Problem details: Your job is to give again, exactly and with no additions, the lines in the records below from the one with "286 JD Farm Road Tellico" through the one with "Greater White-lined Bat", both included. Omit the pictures.

Input for this task:
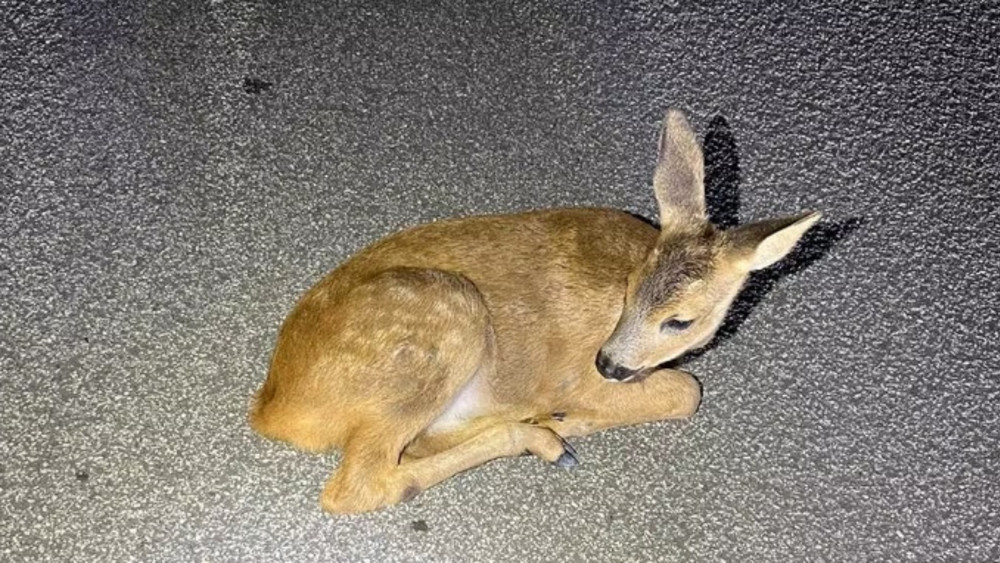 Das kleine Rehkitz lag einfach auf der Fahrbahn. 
--
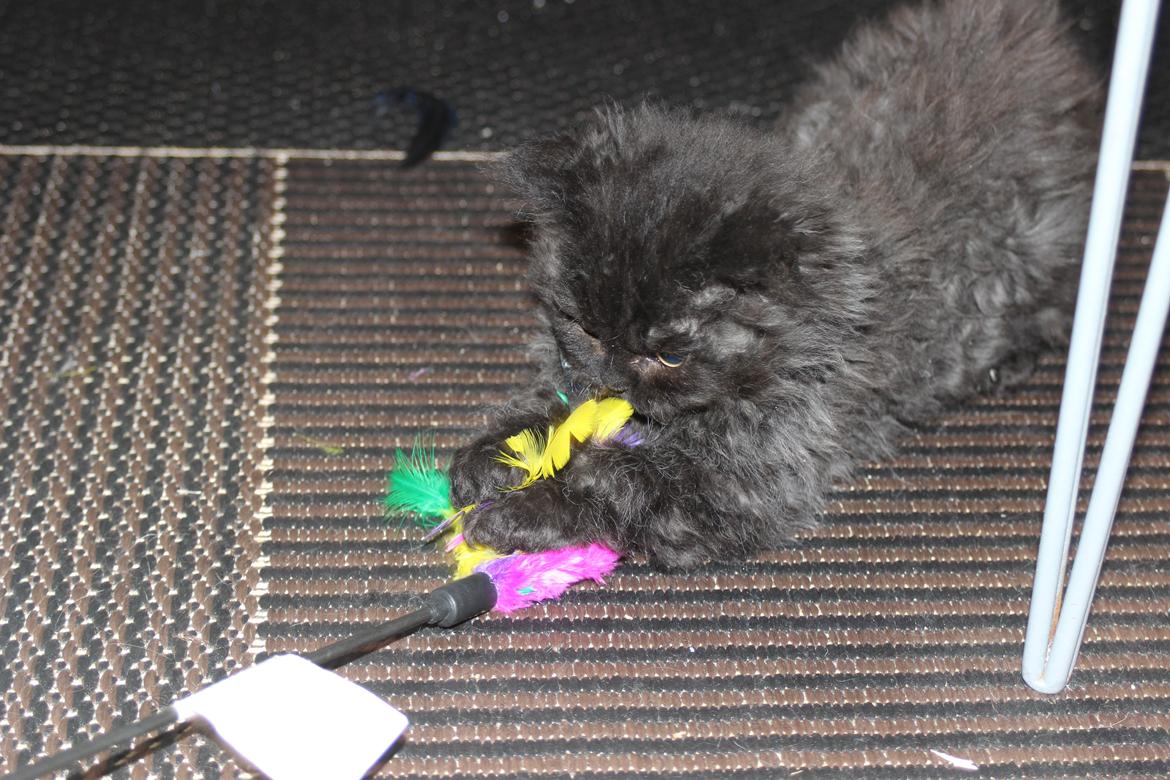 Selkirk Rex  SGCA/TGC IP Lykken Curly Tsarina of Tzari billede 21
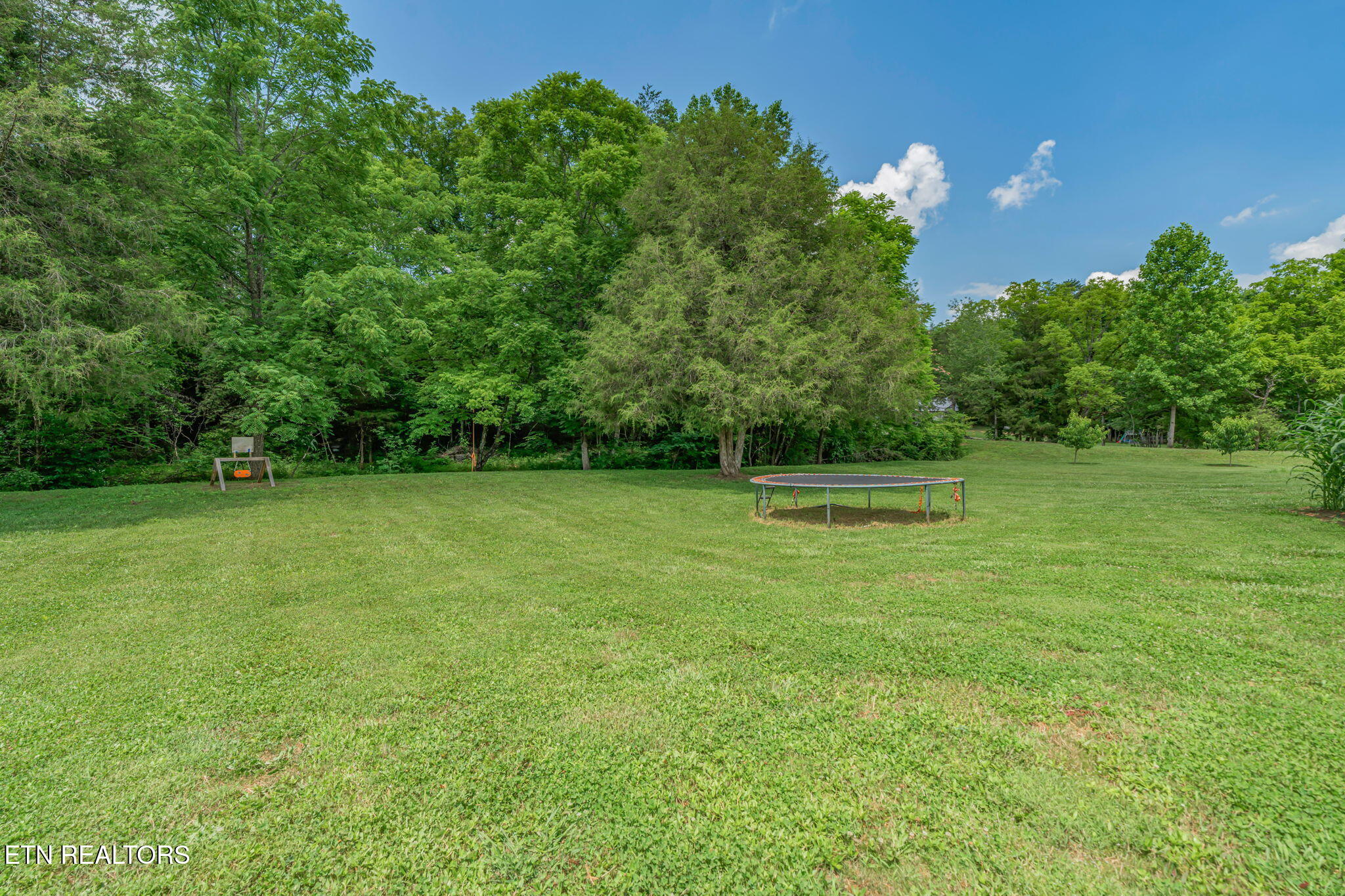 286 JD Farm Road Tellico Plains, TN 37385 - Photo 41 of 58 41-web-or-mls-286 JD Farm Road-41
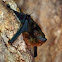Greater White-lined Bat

Response to the exercise:
 286 JD Farm Road Tellico Plains, TN 37385 - Photo 41 of 58 41-web-or-mls-286 JD Farm Road-41
Greater White-lined Bat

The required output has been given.